§ DATASET EXTRACT:
▼
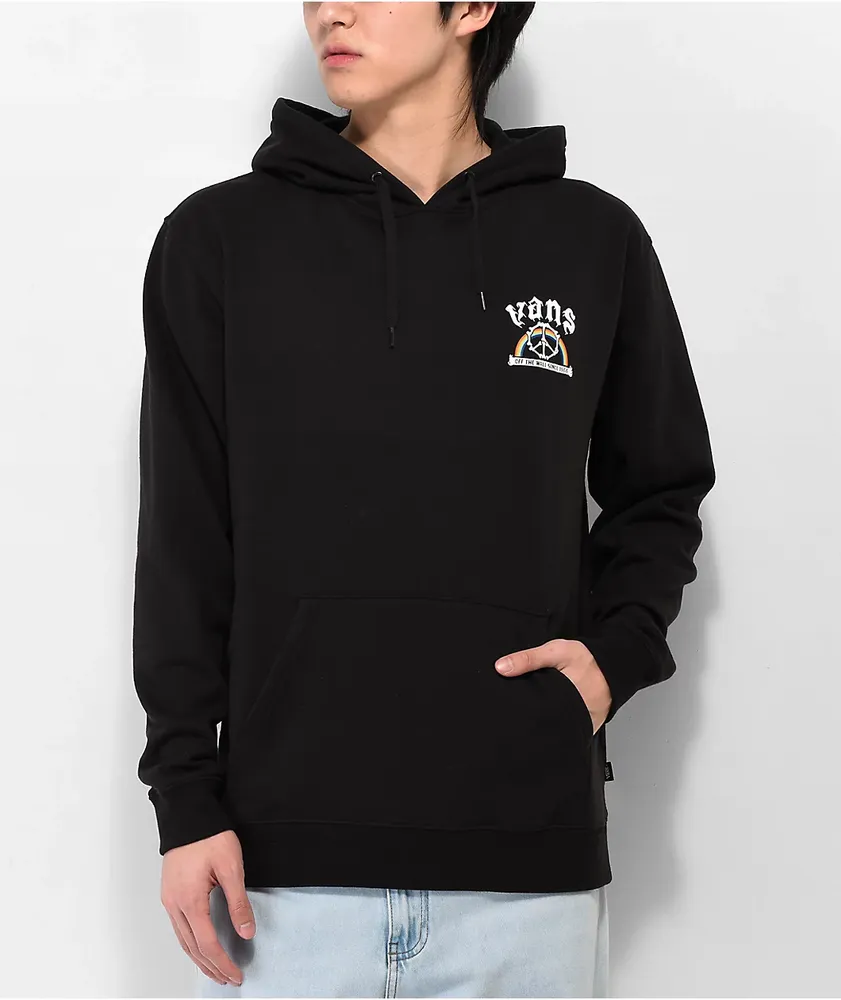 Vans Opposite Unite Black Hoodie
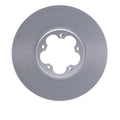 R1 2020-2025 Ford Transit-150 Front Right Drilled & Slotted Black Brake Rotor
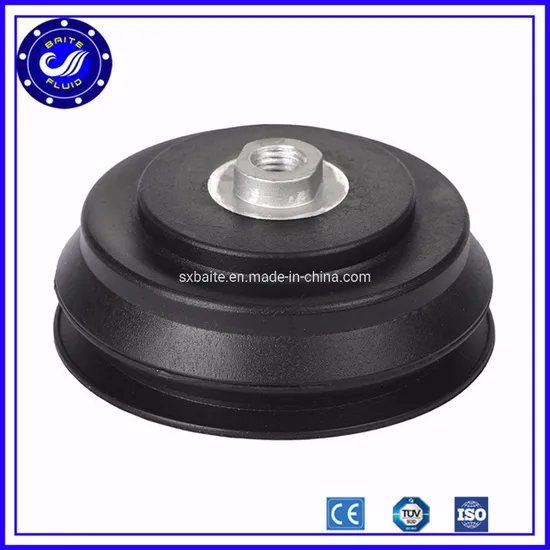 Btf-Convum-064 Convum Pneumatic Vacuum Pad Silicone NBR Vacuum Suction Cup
▲
§ TASK TO COMPLETE: Only the lines from the one with "R1 2020-2025 Ford" through the last line of the listing belong in your answer; copy them exactly and skip the pictures.

§ TASK ANSWER:
 R1 2020-2025 Ford Transit-150 Front Right Drilled & Slotted Black Brake Rotor
 Btf-Convum-064 Convum Pneumatic Vacuum Pad Silicone NBR Vacuum Suction Cup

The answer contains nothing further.